"""

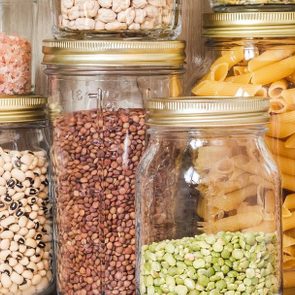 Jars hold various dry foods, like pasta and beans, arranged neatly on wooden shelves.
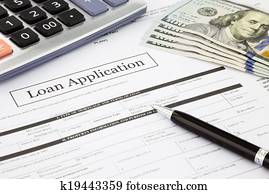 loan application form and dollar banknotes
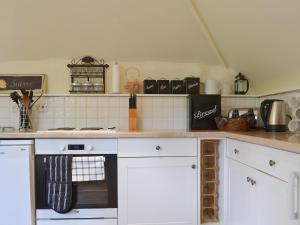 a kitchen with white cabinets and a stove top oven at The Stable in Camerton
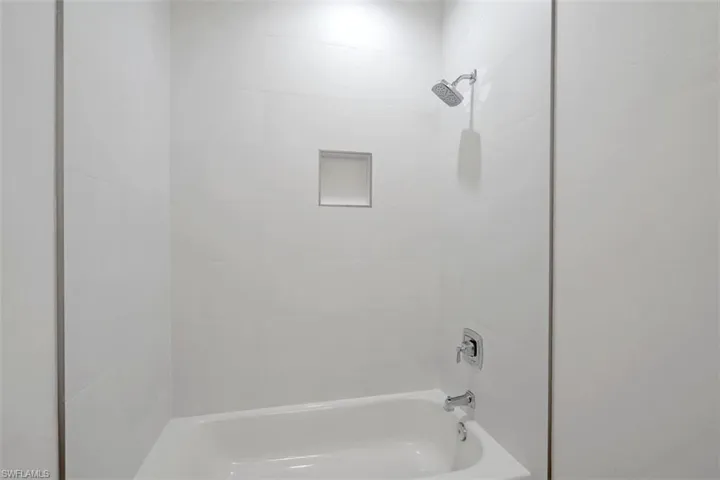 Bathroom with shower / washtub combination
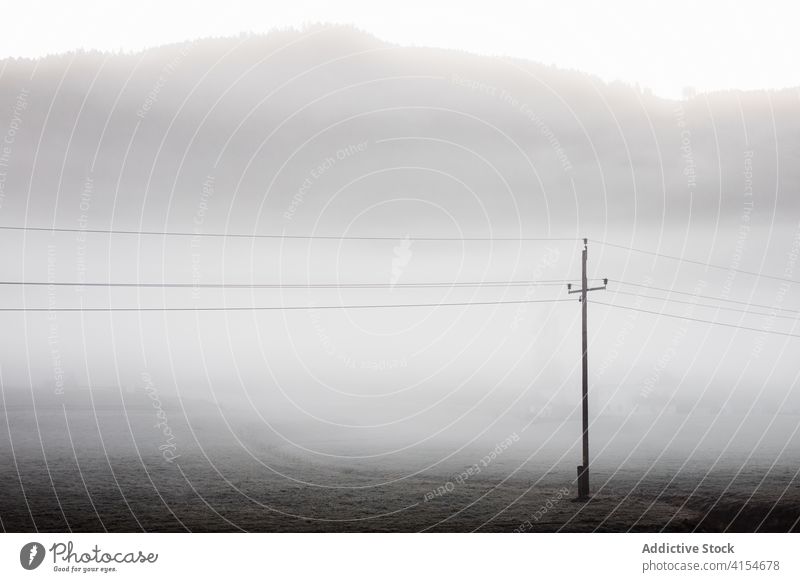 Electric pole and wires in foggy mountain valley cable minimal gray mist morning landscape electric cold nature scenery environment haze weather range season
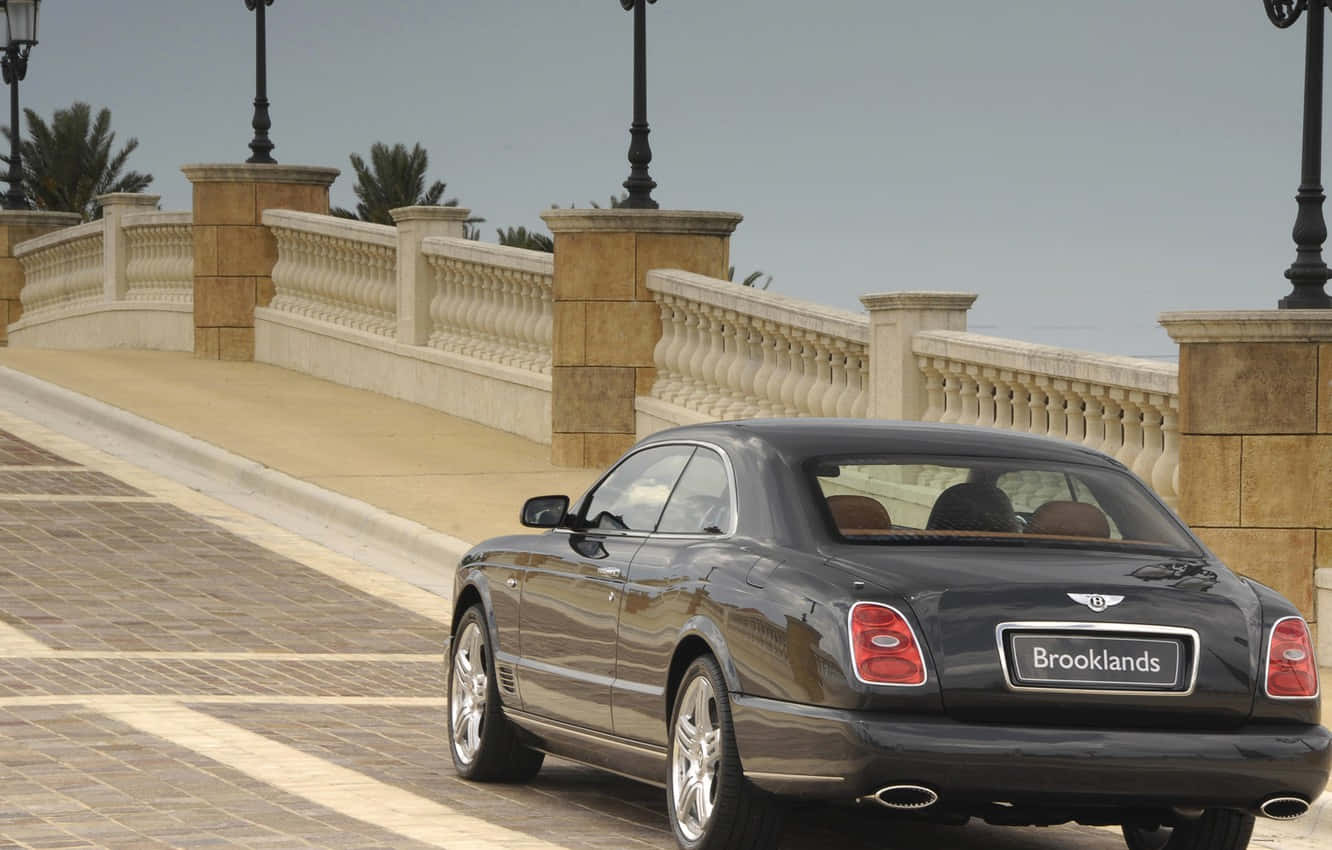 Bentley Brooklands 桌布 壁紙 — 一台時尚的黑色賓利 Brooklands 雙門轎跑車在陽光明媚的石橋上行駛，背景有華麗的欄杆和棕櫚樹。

"""
"""

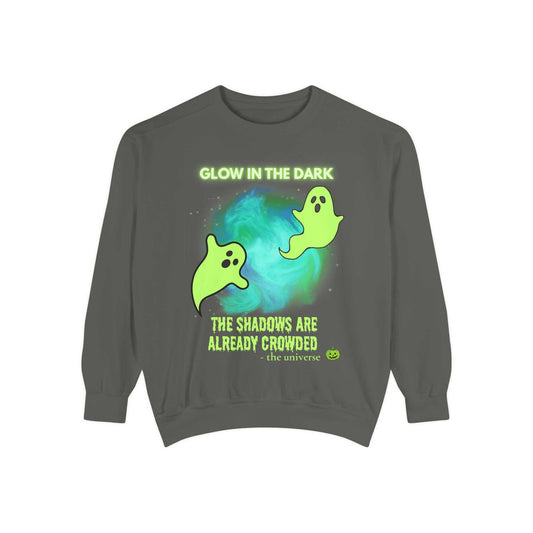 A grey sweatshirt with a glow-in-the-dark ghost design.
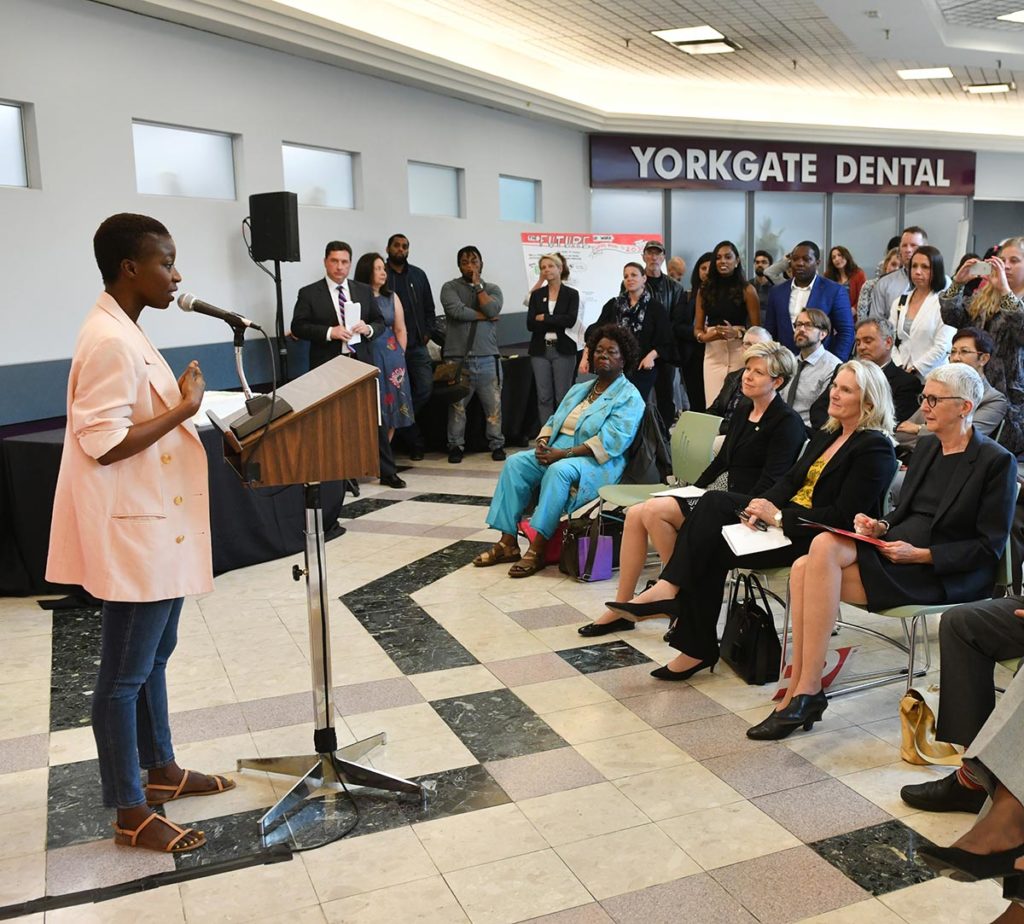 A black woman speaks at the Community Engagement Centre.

"""

◆ YOUR TASK:
Reproduce exactly the lines above that run from the one with "loan application form and dollar banknotes" to the one with "Bentley Brooklands 桌布", both included, leaving pictures out.

◆ THE COMPLETED TASK:
 loan application form and dollar banknotes
 a kitchen with white cabinets and a stove top oven at The Stable in Camerton
 Bathroom with shower / washtub combination
 Electric pole and wires in foggy mountain valley cable minimal gray mist morning landscape electric cold nature scenery environment haze weather range season
 Bentley Brooklands 桌布 壁紙 — 一台時尚的黑色賓利 Brooklands 雙門轎跑車在陽光明媚的石橋上行駛，背景有華麗的欄杆和棕櫚樹。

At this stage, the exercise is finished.